Jean Racine, Andromaque.
Ce roman est une fiction. Toute ressemblance avec des événements ou des personnages réels serait une coïncidence.
Le chauffeur descendit au dernier sous-sol, réservé aux abonnés. Il gara la grosse Mercedes sur son emplacement numéroté et prit l’ascenseur. La sortie du parking se trouvait juste en face du Palais de justice. Un voisinage qu’il n’appréciait pas particulièrement, mais le prix de l’abonnement était raisonnable… par rapport aux autres parcs du coin. Et puis, le Tribunal de Paris se trouvait maintenant dans le quartier des Batignolles, à côté de la Brigade criminelle. On respirait un peu mieux !

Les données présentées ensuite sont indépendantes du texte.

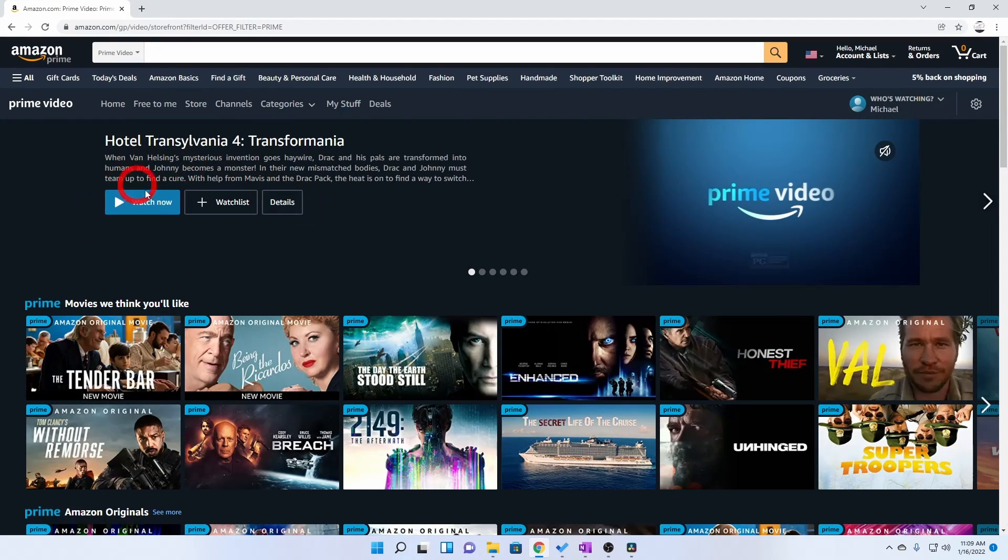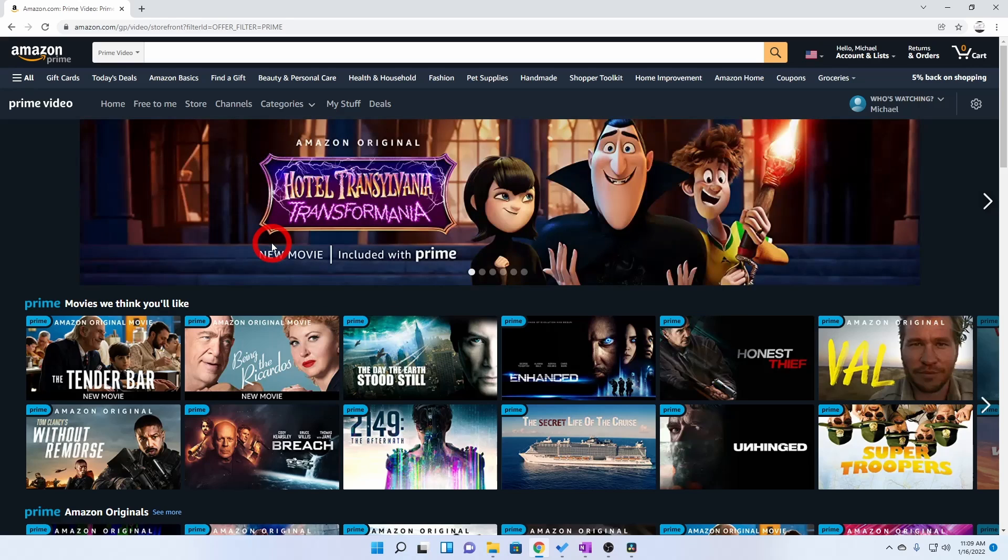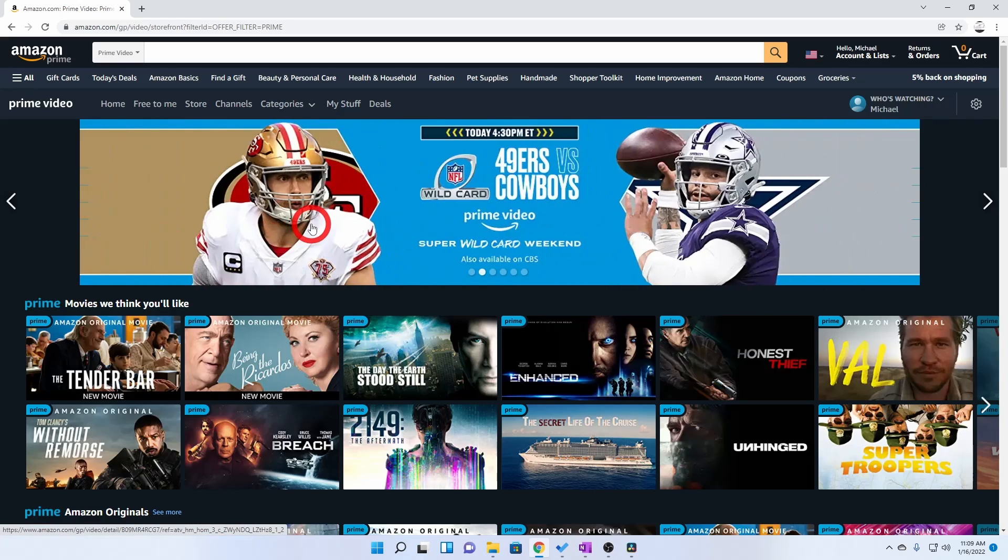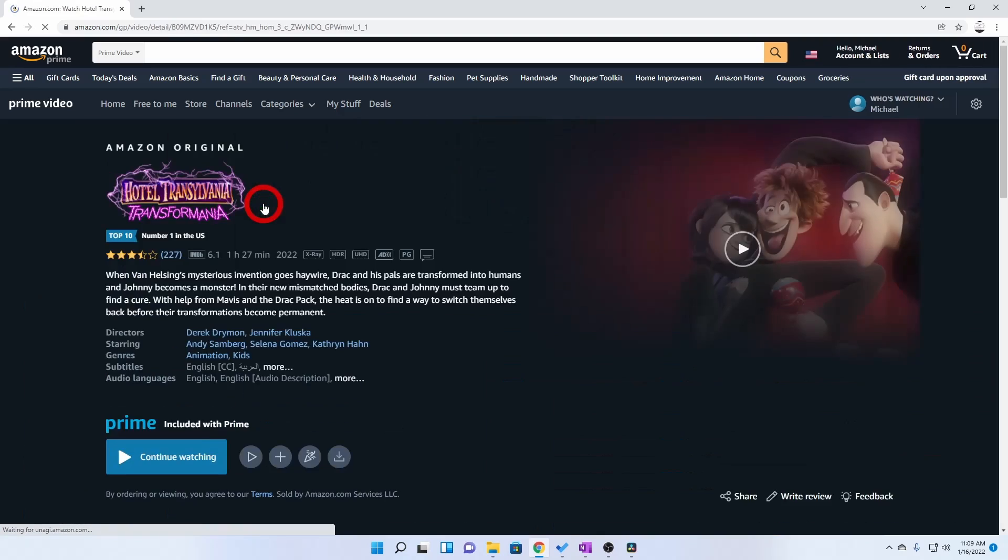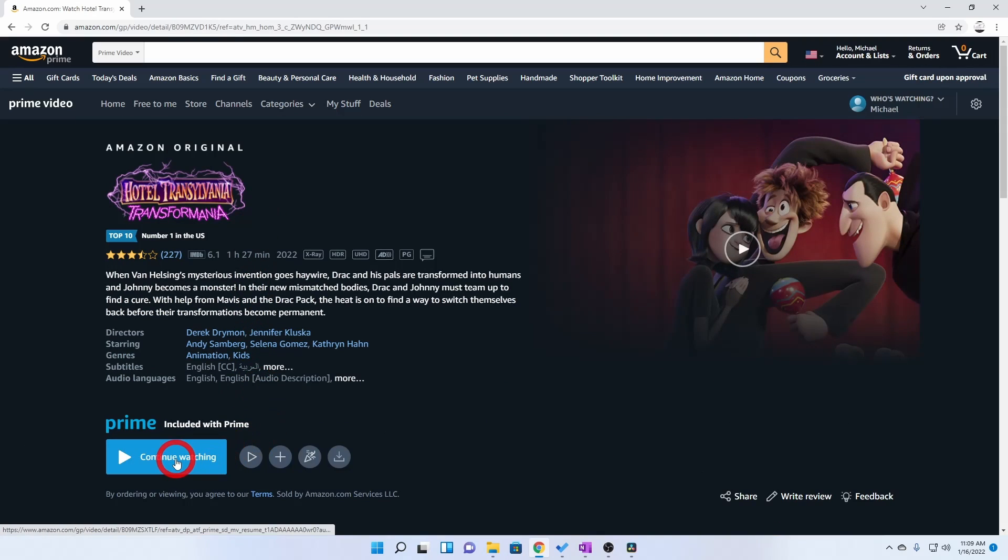To begin with, we go to our Amazon Prime Video page. We look for the feature that you wish to watch and hit play.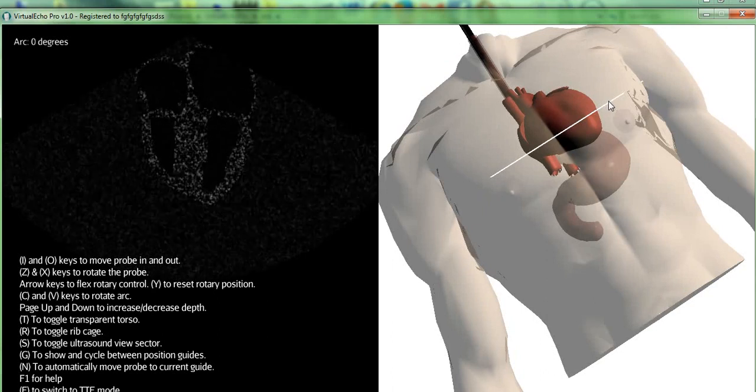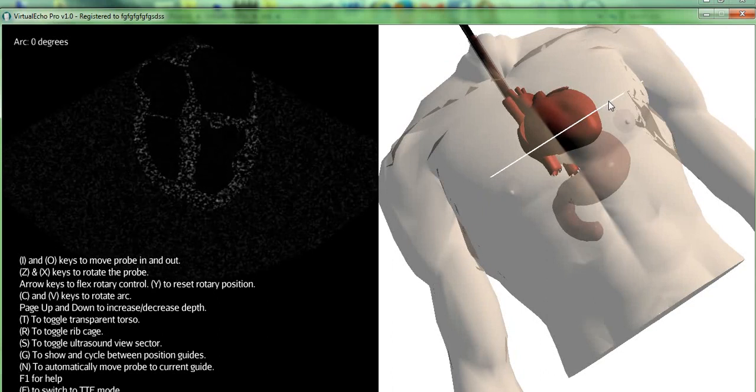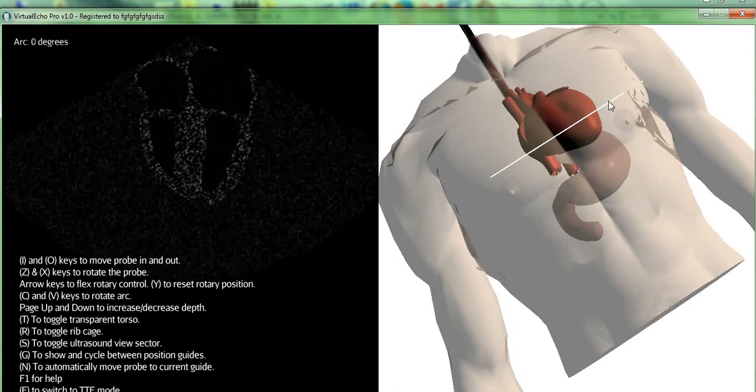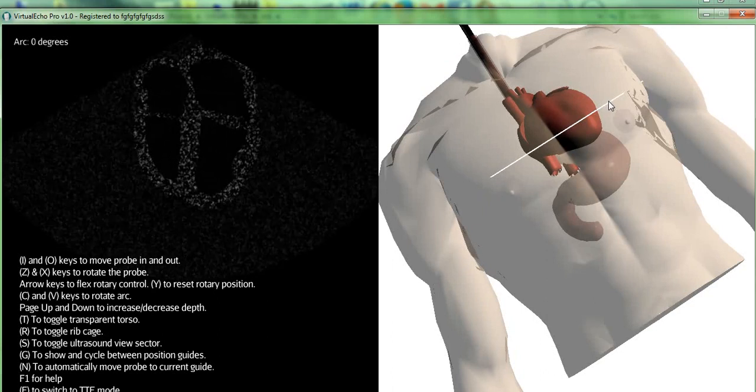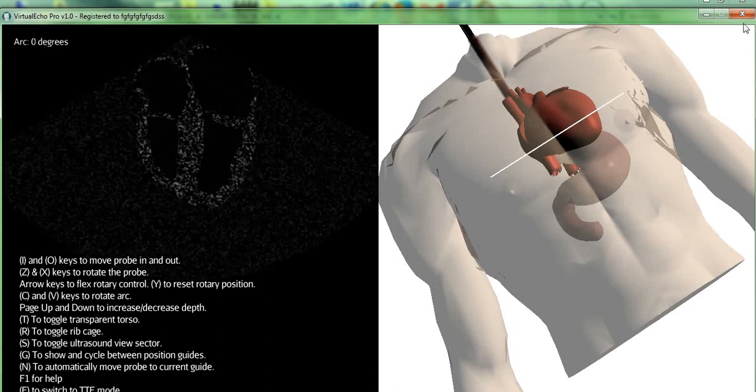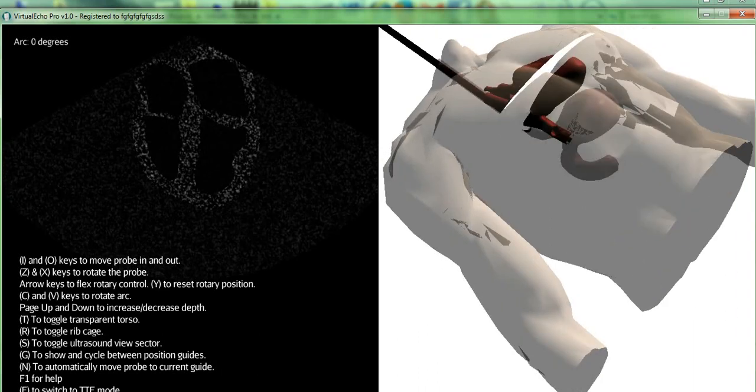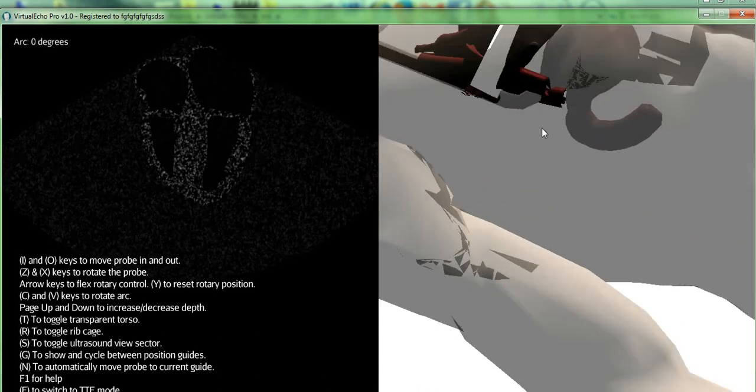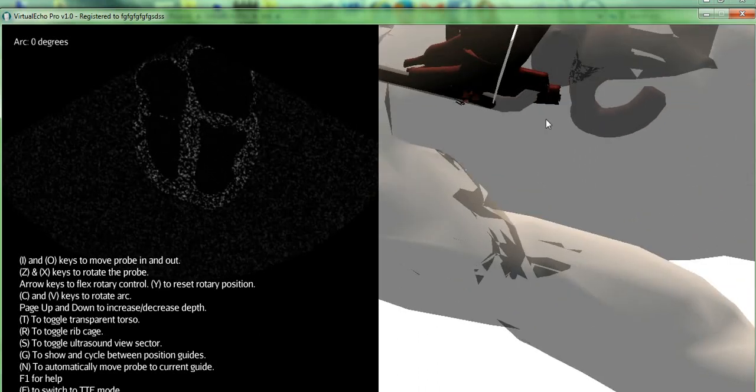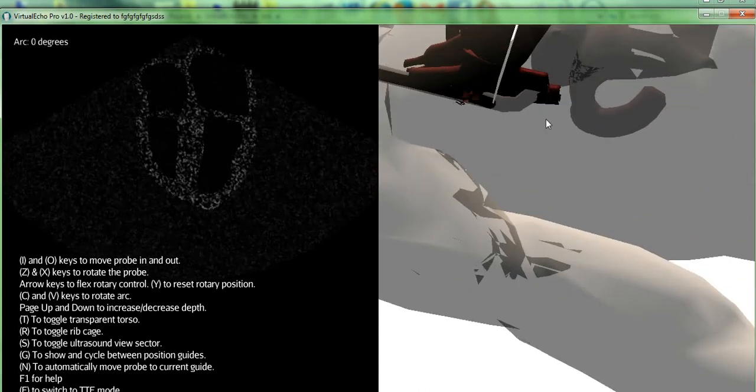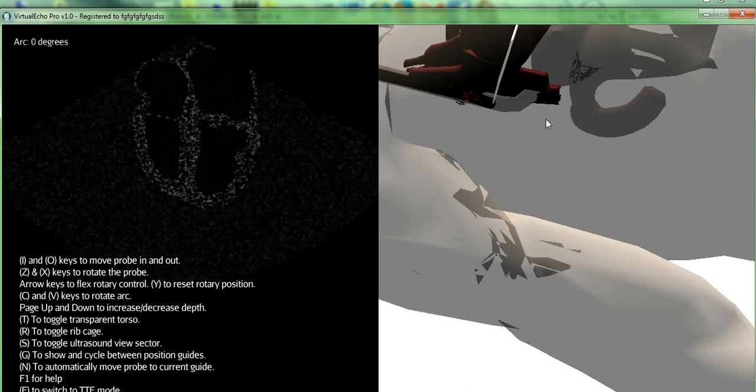The final motion is the arc, which you can control by the C and V keys. The arc motion is not a physical movement, but just a digital one. It means that the arc view rotates without the probe tip actually moving.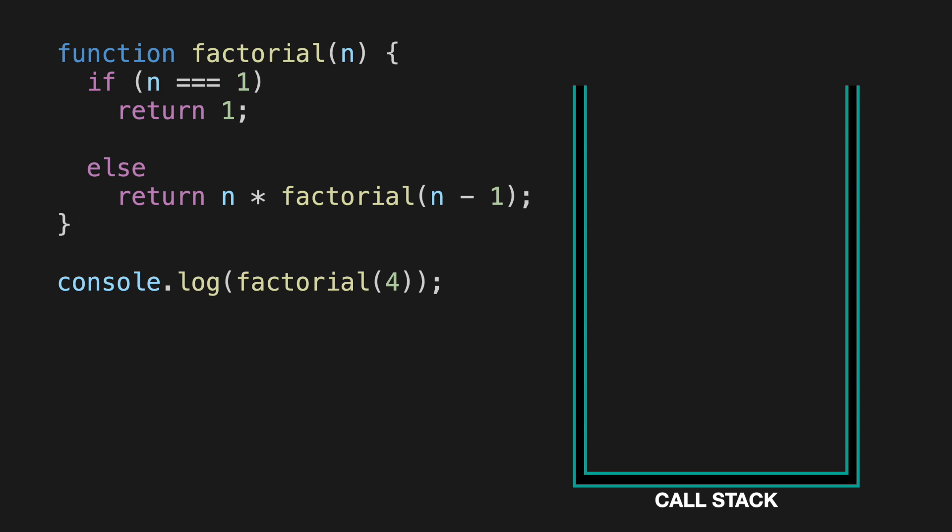The factorial function has two main logical sections. The first one checks if the input number is equal to 1. If it is, it returns number 1. Otherwise, it returns the product of n multiplied by n minus 1 factorial. Let's start actually going through the code, and it will be more clear. So we also have a console log call here to print the result of the factorial calculation. So console log call gets added to the call stack first.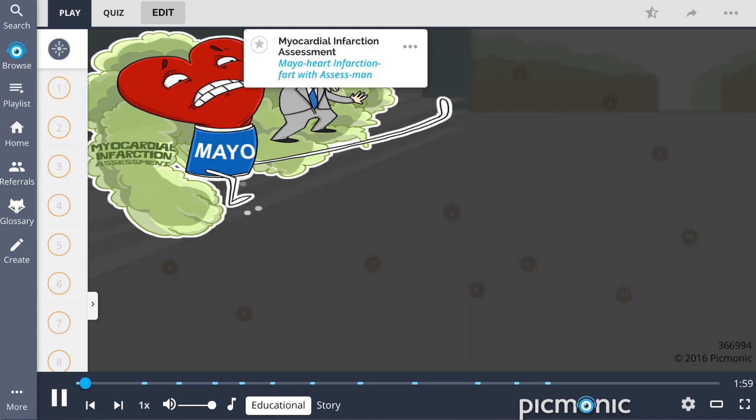Myocardial infarction assessment is the scene of a supermarket race where contestants make a mad dash for groceries. But the Mayo heart doesn't make it easy and lets off an infarction fart right in the face of the assess man host.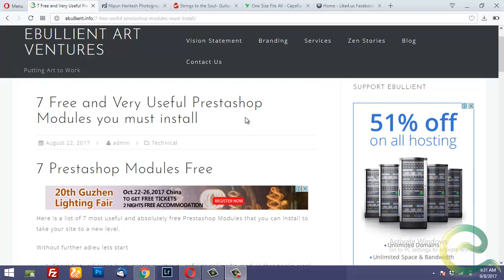Hello Internet. Welcome to another PrestaShop video. In this video I want to illustrate the seven free and useful PrestaShop modules that I have mentioned in my blog post.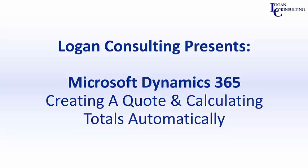Hello, I'm John Hinchey, a consultant with Logan Consulting, and in today's video, I'm going to show you how to create a quote and calculate the total of that quote automatically using Microsoft Dynamics 365.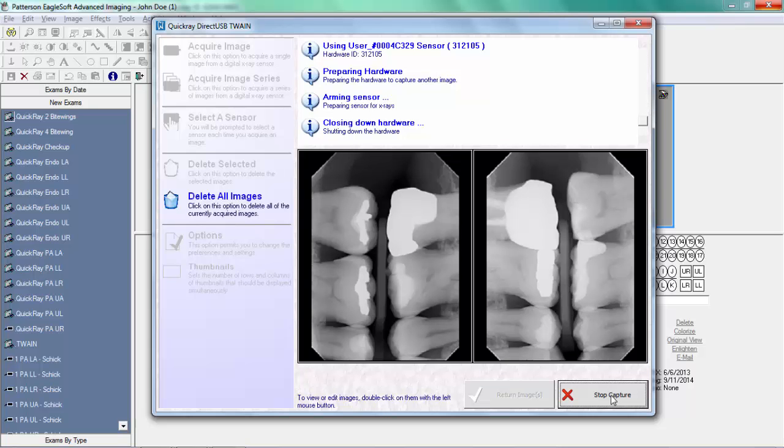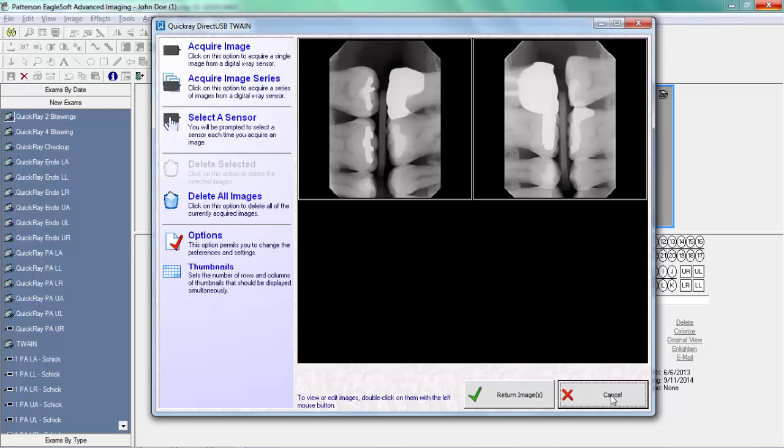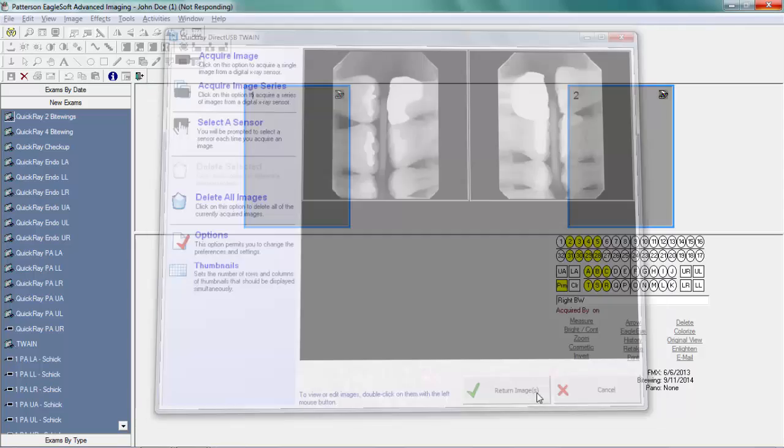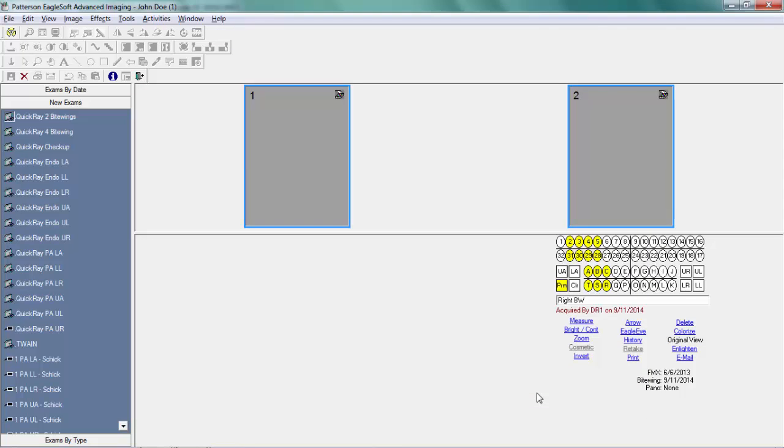The images are then returned to EagleSoft, where they are saved on the patient record in the EagleSoft database.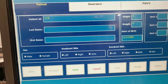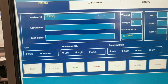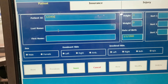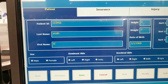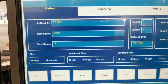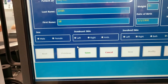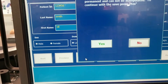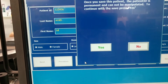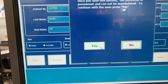You're required to enter three pieces of information: the patient ID and a first name. When you press Save, you will then be given a prompt that the patient ID cannot be manipulated.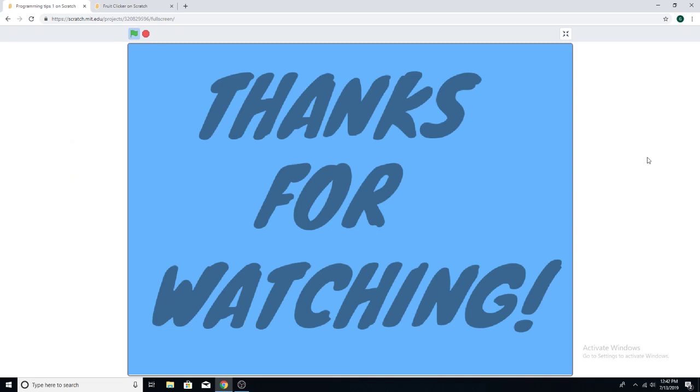Thanks for watching. This is my first episode of programming tips. If you guys enjoyed it, hit the like button and maybe we can do another one. It would really help me if you subscribe and don't miss out on the latest videos that are going to be way better than this. Thanks and bye.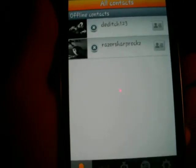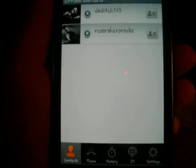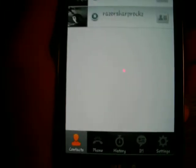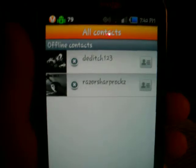Hey, what's up YouTube, Random Games here. I'm going to be showing you how to use UVU on your Android or Apple device. First, what you're going to want to do is go into your applications, open up UVU, and then sign in.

Il était près de vingt-trois heures. À cette heure tardive, le boulevard du Palais était peu fréquenté. L’homme, portant un élégant costume bleu marine, traversa le pont Saint-Michel, rejoignit la rue Danton et entra dans le bel immeuble du numéro sept. Il habitait au dernier étage.
En sortant de l’ascenseur, il se retrouva face à une silhouette vêtue de noir et masquée. Il n’eut pas le temps de se poser de question ni de réagir : la décharge puissante du Taser dans le cou, presque à bout portant, le paralysa.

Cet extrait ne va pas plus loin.